I have buckets of tools yet to be viewed. They are from my father (a farmer, mechanic and machinist who threw nothing away) and from my neighbor (a farmer who threw nothing away), my house (whose previous owners threw nothing away) and me (a retired university engineer who in spite of his wife's urging can throw little away). My wife introduces me as a guy who would rather build another shed than part with a piece of junk.
I also owned several Triumph motorcycles (I still have one sorely in need of attention), Triumph and Morris Minor cars, a 1939 International F20 tractor, a Ford NAA tractor, a 1933 Plymouth Coupe, A 1935 Dodge pickup and all sorts of small engines that I played with. Other then the F20 and the British cars I still have the rest of the stuff. I also have a wood working shop with both antique and modern tools and machines.
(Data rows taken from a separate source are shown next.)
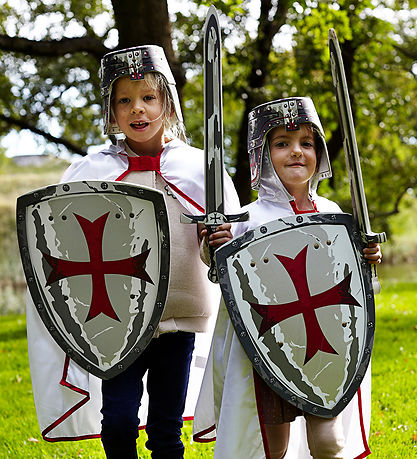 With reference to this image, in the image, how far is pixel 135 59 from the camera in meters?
2.79

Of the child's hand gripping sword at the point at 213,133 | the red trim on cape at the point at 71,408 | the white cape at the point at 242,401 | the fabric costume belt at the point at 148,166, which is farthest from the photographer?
the red trim on cape at the point at 71,408

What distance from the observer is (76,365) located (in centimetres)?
299

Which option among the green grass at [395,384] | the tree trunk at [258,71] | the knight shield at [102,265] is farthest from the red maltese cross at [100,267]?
the tree trunk at [258,71]

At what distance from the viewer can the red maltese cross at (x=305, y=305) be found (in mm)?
2494

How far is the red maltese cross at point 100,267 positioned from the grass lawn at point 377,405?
4.48 ft

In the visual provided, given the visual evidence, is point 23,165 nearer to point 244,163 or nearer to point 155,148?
point 244,163

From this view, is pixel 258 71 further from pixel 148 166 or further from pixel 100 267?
pixel 100 267

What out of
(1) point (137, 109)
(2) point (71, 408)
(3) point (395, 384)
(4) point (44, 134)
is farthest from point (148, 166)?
(4) point (44, 134)

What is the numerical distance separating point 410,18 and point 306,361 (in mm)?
12415

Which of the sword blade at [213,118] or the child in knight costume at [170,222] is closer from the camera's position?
the sword blade at [213,118]

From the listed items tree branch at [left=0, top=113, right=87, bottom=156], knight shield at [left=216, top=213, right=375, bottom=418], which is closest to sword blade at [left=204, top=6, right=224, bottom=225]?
knight shield at [left=216, top=213, right=375, bottom=418]

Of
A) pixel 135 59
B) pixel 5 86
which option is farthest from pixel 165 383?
pixel 5 86

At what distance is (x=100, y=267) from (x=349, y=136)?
1.06 meters

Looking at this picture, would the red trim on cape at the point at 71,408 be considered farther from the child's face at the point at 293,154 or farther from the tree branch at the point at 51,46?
the tree branch at the point at 51,46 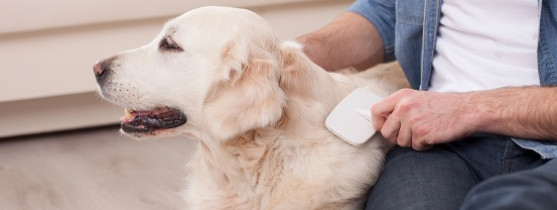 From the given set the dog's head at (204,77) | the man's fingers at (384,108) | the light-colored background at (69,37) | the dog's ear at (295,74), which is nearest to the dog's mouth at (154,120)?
the dog's head at (204,77)

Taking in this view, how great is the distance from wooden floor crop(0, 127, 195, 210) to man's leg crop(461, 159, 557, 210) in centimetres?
103

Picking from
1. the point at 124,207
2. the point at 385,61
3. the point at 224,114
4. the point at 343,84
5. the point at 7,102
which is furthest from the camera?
the point at 7,102

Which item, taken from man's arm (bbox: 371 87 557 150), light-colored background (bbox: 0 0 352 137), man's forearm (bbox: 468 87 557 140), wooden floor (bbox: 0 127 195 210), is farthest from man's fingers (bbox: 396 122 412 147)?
light-colored background (bbox: 0 0 352 137)

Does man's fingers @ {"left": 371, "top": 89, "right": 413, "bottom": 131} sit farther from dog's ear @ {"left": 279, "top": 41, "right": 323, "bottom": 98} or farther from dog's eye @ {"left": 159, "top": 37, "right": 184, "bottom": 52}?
dog's eye @ {"left": 159, "top": 37, "right": 184, "bottom": 52}

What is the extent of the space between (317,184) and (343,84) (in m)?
0.21

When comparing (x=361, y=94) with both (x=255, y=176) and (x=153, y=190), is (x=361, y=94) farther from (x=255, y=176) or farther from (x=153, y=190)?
(x=153, y=190)

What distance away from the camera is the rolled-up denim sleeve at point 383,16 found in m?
1.41

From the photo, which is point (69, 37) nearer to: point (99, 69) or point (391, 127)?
point (99, 69)

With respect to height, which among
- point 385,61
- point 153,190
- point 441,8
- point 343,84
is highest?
point 441,8

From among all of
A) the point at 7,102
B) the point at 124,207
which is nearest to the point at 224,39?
the point at 124,207

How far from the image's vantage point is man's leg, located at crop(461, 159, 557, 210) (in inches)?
26.3

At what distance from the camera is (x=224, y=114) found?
103cm

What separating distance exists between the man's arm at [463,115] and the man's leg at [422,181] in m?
0.03

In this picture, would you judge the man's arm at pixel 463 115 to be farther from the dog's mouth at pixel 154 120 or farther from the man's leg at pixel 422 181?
the dog's mouth at pixel 154 120
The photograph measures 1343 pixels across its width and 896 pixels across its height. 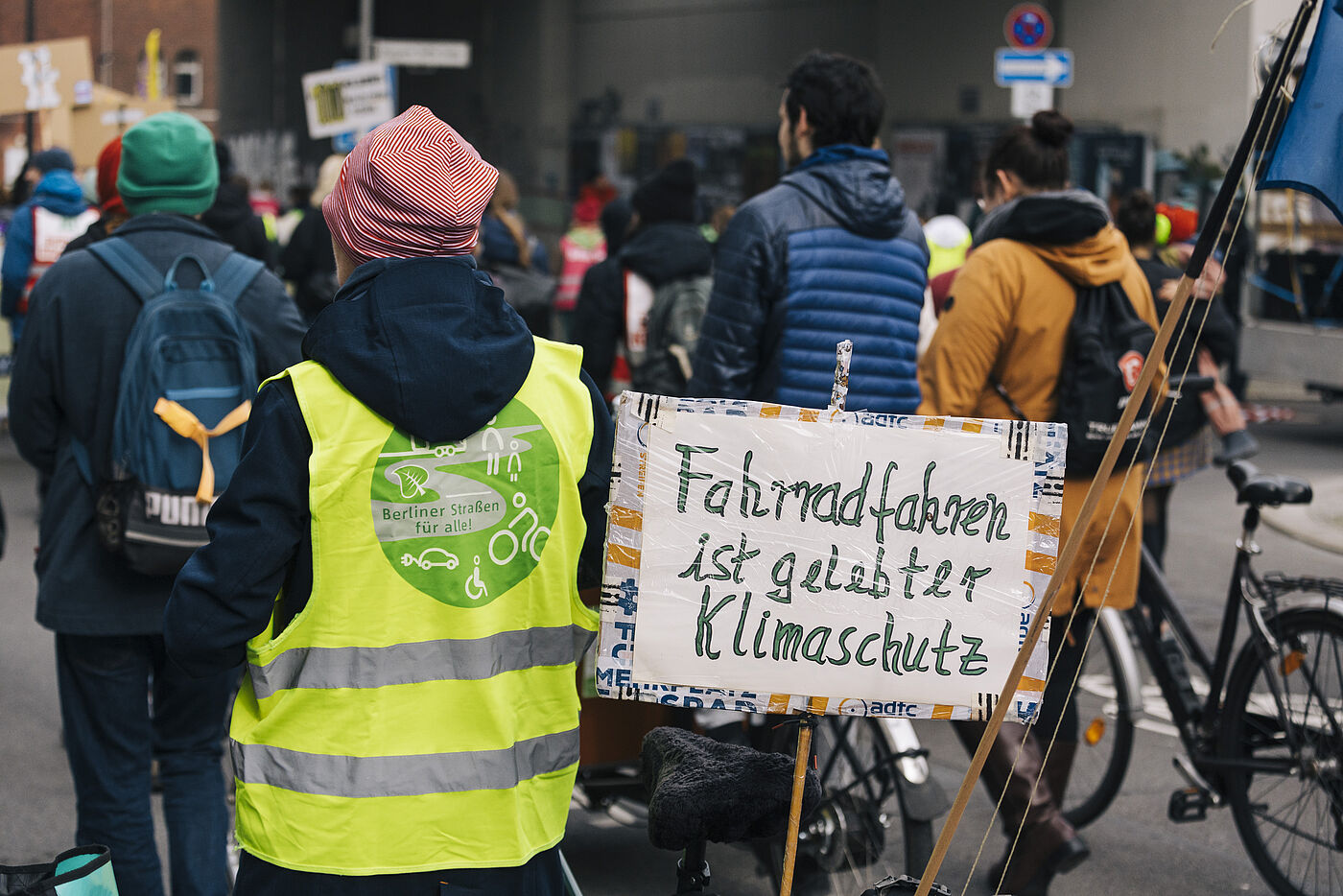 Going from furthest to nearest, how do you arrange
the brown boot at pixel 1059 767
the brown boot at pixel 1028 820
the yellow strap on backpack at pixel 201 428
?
the brown boot at pixel 1059 767 < the brown boot at pixel 1028 820 < the yellow strap on backpack at pixel 201 428

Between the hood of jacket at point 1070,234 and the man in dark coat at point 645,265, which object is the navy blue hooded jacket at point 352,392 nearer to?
the hood of jacket at point 1070,234

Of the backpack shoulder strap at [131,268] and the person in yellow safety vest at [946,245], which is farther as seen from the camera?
the person in yellow safety vest at [946,245]

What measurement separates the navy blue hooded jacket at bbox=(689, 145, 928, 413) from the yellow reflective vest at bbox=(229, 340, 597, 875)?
1.68 m

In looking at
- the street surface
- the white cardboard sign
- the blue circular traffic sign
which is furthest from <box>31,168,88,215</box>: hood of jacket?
the blue circular traffic sign

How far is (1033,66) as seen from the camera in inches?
Answer: 485

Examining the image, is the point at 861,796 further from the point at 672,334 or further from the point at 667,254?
the point at 667,254

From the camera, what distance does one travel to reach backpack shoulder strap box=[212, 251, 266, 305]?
12.0ft

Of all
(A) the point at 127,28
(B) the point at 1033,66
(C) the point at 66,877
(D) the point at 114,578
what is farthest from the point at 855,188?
(A) the point at 127,28

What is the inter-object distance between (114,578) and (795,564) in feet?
6.10

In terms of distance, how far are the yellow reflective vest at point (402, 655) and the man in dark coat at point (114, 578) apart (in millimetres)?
1267

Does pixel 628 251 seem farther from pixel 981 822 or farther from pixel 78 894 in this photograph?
pixel 78 894

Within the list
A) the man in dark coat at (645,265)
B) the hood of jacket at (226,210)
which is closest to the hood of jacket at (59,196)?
the hood of jacket at (226,210)

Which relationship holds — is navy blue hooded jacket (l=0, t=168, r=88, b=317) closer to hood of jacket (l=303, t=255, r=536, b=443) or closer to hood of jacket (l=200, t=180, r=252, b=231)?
hood of jacket (l=200, t=180, r=252, b=231)

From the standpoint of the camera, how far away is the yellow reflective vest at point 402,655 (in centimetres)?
229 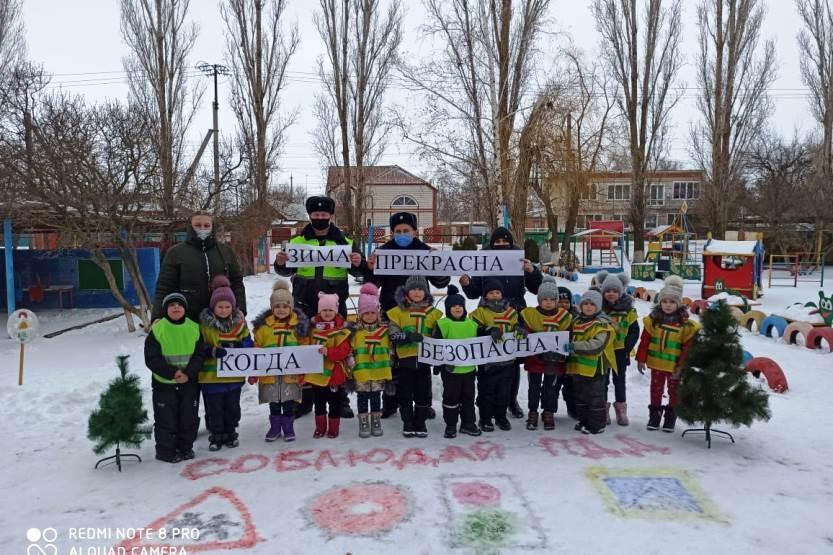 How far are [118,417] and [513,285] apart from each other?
3573mm

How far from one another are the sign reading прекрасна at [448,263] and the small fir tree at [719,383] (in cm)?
169

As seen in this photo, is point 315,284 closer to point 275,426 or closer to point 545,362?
point 275,426

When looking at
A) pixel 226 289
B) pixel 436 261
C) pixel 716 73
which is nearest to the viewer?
pixel 226 289

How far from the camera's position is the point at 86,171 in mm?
9633

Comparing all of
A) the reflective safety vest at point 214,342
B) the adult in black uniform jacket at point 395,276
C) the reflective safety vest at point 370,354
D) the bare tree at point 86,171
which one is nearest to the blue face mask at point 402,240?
the adult in black uniform jacket at point 395,276

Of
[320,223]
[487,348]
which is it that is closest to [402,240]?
[320,223]

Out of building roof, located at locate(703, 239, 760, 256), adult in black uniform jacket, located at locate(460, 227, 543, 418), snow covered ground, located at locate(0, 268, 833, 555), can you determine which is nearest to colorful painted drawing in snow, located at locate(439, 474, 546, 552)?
snow covered ground, located at locate(0, 268, 833, 555)

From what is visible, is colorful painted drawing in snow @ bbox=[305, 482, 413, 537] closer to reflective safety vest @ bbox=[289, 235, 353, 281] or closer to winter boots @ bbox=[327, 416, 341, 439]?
winter boots @ bbox=[327, 416, 341, 439]

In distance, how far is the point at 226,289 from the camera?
16.1ft

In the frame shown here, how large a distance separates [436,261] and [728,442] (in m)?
3.03

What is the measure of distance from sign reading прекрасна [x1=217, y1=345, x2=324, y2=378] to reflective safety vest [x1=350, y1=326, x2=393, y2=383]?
318mm

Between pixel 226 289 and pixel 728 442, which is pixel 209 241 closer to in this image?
pixel 226 289

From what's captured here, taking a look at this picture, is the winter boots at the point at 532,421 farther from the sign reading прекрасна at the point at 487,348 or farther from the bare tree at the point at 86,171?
the bare tree at the point at 86,171

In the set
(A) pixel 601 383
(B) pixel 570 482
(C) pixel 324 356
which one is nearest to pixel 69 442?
(C) pixel 324 356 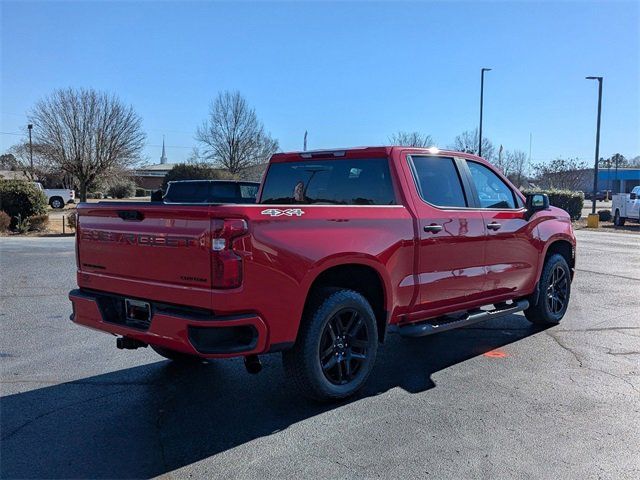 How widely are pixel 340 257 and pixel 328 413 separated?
46.1 inches

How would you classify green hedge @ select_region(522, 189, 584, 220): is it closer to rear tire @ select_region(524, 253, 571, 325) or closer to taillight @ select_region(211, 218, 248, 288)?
rear tire @ select_region(524, 253, 571, 325)

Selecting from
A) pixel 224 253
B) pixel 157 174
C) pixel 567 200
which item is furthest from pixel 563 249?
pixel 157 174

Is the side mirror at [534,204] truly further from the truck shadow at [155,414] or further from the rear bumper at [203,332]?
the rear bumper at [203,332]

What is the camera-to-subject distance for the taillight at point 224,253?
3637mm

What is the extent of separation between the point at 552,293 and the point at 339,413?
3869 millimetres

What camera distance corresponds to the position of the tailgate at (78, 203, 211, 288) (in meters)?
3.71

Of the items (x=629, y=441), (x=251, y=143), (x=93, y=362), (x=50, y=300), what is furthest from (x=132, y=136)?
(x=629, y=441)

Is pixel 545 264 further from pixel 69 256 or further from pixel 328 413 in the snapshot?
pixel 69 256

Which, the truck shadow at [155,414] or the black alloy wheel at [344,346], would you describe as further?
the black alloy wheel at [344,346]

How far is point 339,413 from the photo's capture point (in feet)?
14.0

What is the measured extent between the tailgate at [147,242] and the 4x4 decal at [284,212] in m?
0.42

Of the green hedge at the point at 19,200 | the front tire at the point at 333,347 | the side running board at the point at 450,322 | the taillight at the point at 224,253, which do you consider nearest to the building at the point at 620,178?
the green hedge at the point at 19,200

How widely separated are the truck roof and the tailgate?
2.02m

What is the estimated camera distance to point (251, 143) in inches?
1935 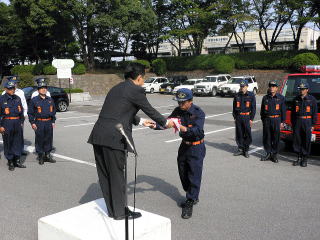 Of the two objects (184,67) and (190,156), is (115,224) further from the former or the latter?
(184,67)

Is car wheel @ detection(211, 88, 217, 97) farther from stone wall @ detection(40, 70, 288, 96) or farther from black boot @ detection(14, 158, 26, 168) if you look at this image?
black boot @ detection(14, 158, 26, 168)

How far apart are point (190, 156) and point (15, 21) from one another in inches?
1678

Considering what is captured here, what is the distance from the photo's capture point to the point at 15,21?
41969mm

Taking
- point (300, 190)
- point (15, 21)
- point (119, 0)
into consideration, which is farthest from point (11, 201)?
point (15, 21)

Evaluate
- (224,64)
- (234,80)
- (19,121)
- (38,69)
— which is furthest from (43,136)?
(38,69)

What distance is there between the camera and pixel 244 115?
8711 mm

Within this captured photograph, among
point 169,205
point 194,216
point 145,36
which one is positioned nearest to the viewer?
point 194,216

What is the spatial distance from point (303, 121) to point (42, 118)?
19.1 feet

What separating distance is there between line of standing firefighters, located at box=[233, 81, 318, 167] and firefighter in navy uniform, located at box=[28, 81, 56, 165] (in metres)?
4.49

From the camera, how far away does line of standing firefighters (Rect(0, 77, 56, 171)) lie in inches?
302

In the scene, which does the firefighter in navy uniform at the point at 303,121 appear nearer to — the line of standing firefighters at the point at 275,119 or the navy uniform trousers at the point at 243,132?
the line of standing firefighters at the point at 275,119

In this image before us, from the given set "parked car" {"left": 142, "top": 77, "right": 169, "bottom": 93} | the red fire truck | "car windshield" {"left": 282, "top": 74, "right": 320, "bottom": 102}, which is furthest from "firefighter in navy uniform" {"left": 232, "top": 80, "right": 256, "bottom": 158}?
"parked car" {"left": 142, "top": 77, "right": 169, "bottom": 93}

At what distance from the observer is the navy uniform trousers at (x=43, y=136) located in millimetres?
8094

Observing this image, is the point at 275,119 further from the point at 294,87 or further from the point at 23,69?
the point at 23,69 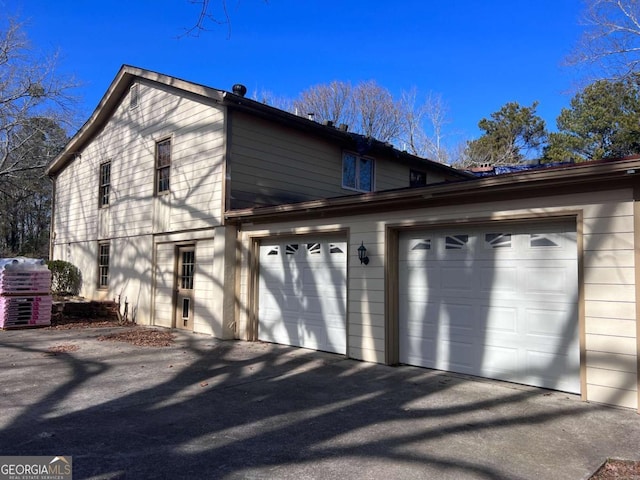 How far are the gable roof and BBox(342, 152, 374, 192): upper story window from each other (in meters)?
0.29

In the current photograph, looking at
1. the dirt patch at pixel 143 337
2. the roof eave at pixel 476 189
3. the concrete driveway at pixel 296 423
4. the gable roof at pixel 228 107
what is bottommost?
the concrete driveway at pixel 296 423

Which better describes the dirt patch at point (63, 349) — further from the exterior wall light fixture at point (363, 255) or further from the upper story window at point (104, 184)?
the upper story window at point (104, 184)

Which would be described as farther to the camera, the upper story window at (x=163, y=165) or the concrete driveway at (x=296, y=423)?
the upper story window at (x=163, y=165)

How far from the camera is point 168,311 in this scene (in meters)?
11.6

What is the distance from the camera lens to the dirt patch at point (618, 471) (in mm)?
3600

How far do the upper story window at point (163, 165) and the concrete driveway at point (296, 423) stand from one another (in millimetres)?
5721

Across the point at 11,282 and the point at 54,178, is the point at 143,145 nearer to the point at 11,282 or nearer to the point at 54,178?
the point at 11,282

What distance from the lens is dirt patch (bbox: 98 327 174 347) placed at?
9395 mm

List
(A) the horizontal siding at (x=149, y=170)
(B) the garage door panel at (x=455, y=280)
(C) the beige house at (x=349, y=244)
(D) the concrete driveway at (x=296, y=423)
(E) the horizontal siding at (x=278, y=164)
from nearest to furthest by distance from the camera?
(D) the concrete driveway at (x=296, y=423), (C) the beige house at (x=349, y=244), (B) the garage door panel at (x=455, y=280), (E) the horizontal siding at (x=278, y=164), (A) the horizontal siding at (x=149, y=170)

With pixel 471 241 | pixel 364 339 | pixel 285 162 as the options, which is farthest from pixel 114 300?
pixel 471 241

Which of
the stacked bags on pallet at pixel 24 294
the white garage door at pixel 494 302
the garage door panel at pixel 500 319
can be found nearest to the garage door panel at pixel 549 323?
Result: the white garage door at pixel 494 302

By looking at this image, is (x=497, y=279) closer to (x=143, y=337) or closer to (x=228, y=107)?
(x=228, y=107)

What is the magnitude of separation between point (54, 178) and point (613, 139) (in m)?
26.8

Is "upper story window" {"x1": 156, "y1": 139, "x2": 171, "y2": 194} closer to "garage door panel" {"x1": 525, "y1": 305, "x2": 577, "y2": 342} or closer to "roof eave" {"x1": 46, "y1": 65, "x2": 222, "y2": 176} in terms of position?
"roof eave" {"x1": 46, "y1": 65, "x2": 222, "y2": 176}
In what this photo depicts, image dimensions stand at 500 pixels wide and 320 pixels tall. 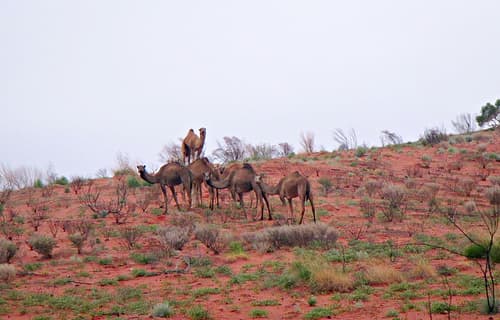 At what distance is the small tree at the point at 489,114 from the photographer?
48281 millimetres

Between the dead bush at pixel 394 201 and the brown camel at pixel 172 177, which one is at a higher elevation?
the brown camel at pixel 172 177

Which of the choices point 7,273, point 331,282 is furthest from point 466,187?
point 7,273

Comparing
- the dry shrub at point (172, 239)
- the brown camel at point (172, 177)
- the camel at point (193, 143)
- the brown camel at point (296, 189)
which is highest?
the camel at point (193, 143)

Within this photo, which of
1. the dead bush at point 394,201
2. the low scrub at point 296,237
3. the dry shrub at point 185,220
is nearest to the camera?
the low scrub at point 296,237

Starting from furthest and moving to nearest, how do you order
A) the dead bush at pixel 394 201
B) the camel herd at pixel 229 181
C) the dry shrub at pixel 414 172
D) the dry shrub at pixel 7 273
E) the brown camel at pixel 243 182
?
1. the dry shrub at pixel 414 172
2. the dead bush at pixel 394 201
3. the brown camel at pixel 243 182
4. the camel herd at pixel 229 181
5. the dry shrub at pixel 7 273

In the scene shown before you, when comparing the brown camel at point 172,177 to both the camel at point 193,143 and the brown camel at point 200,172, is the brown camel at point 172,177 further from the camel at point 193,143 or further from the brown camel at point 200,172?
the camel at point 193,143

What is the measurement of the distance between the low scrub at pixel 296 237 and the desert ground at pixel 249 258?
3cm

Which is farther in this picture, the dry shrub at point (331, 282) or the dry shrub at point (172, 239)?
the dry shrub at point (172, 239)

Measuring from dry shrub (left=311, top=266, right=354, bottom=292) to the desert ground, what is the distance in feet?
0.07

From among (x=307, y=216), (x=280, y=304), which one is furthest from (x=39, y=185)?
(x=280, y=304)

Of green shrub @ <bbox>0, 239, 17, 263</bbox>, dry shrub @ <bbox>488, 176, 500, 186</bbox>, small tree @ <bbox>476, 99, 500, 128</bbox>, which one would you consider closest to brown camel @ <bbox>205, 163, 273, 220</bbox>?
green shrub @ <bbox>0, 239, 17, 263</bbox>

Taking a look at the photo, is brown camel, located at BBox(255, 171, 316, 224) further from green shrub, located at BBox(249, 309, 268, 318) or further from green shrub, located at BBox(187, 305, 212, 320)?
green shrub, located at BBox(187, 305, 212, 320)

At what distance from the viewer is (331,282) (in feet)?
35.3

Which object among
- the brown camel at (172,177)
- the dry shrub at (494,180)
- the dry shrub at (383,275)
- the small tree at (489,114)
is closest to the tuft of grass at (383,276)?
the dry shrub at (383,275) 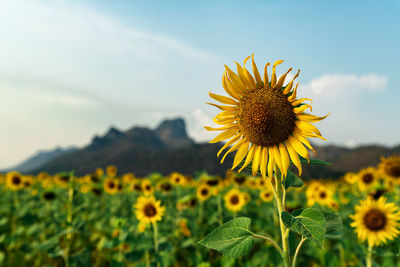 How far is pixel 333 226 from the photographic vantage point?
160cm

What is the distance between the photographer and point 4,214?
7.14 m

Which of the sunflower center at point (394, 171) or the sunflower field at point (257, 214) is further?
the sunflower center at point (394, 171)

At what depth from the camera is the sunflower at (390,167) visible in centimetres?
478

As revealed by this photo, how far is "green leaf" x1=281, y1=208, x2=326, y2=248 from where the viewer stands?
127cm

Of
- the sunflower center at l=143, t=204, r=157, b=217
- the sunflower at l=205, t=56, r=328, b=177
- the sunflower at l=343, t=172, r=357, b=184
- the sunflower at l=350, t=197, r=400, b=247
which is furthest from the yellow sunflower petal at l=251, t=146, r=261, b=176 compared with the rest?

Three years ago I had a fire in my shop (woodstove) that took it and the nearby garage down to nothing. I was able to get most of the rolling stock out (lost the F20 and a very nice 1920's Johnson outboard motor). Most of the tools were in a different shed. However, I have found that most of the mechanics hand tools that were in the fire have been reclaimable without significant degradation.
A wall in my new barn has a display of tools that I have cleaned up and I need to do a lot more. I know you want pictures and I'll try to get some.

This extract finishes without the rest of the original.